La réserve n’a pas beaucoup de chemins différents : la majorité mène soit au Cap de Bonne-Espérance soit à Cape Point, point le plus au Sud de cette Péninsule. Par contre, des sentiers de randonnées permettent de s’aventurer un peu dans les terres, ou alors pour les courageux comme nous de rejoindre les deux caps cités précédemment. Les premiers paysages rencontrés sont déjà somptueux mêlant le vert au gris et au bleu.

Après une petite heure de balade, nous arrivons à Bonne-Espérance avec une belle montée des marches pour nous chauffer. En haut, la vue est splendide.

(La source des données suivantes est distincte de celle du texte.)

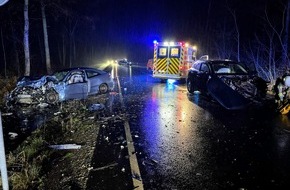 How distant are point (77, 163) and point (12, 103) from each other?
6661 millimetres

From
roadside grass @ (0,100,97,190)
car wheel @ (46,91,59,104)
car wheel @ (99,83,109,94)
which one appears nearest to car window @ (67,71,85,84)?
car wheel @ (46,91,59,104)

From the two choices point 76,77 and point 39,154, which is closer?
point 39,154

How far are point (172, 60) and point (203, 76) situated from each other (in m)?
6.57

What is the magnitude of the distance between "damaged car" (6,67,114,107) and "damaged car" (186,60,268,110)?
500cm

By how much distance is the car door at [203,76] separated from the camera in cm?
1159

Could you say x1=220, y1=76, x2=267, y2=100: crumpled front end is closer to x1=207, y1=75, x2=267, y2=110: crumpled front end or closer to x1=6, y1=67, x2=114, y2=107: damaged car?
x1=207, y1=75, x2=267, y2=110: crumpled front end

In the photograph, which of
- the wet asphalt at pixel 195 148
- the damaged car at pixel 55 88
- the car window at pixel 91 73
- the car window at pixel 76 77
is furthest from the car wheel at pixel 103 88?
the wet asphalt at pixel 195 148

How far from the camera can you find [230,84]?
1032 cm

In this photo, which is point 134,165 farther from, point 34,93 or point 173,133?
point 34,93

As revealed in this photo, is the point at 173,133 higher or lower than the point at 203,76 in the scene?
lower

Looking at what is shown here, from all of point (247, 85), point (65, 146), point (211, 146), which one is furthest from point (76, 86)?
point (211, 146)

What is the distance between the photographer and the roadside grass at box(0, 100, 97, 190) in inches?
171

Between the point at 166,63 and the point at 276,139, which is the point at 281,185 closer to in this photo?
the point at 276,139

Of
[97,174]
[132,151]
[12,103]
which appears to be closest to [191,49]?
[12,103]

Nous y croisons même un groupe de marmottes profitant des premiers rayons de soleil et surtout du calme avant la tempête avec l’arrivée de tous les touristes !

Cape Point se fait de plus en plus près lorsque nous apercevons une petite crique en contrebas (Dias Beach). L’escalier ne nous fait pas peur ! Et nous avons bien fait car c’était plutôt idyllique. Sable presque blanc, pas un chat, doux bruit de l’eau … le pied comme on dit !

La remontée a été plus délicate, mais ça en valait la peine. Après une petite marche, nous arrivons au pied de Cape Point. Pour les flemmards, un funiculaire, mais pour nous les escaliers ! Nous profitons de la beauté des lieux pendant plus de deux heures, se permettant même un pique-nique en bord de falaise.

Enfin c’est le retour et le moment de se fondre complètement avec la nature. Babouins voleurs, antilopes et autruches : tous ces animaux ont été rencontrés au détour d’un chemin ou en bord de plage. Ça change du zoo quand même. Le guide disait qu’il était très rare de voir ce genre d’animaux. On peut dire qu’on a eu de la chance alors ! Il nous a juste manqué les zèbres et les élands du Cap pour clôturer notre collection.

Notre séjour s’est fini par un magnifique coucher de soleil dans la baie du Cap.

Ça vous a plu ? Suite des épisodes le week-end prochain (logiquement) où nous sommes invités chez l’un des mes potes Sud-Africain à Tulbach (au Nord de Stellenbosch). Ambiance différente guarantie car population surtout colorée.


Simon's Town

En fin d’après-midi, nous nous sommes dirigés vers Simon’s Town, petite ville maritime se situant au début de la Péninsule du Cap. Parfait donc pour arriver le plus tôt possible au Cape de Bonne Espérance le lendemain. Le backpacker du coin est nettement plus beau que celui de la veille et en plus nous avons le droit à une chambre qu’à nous cette fois (un intrus a dormi avec nous à Cape-Town).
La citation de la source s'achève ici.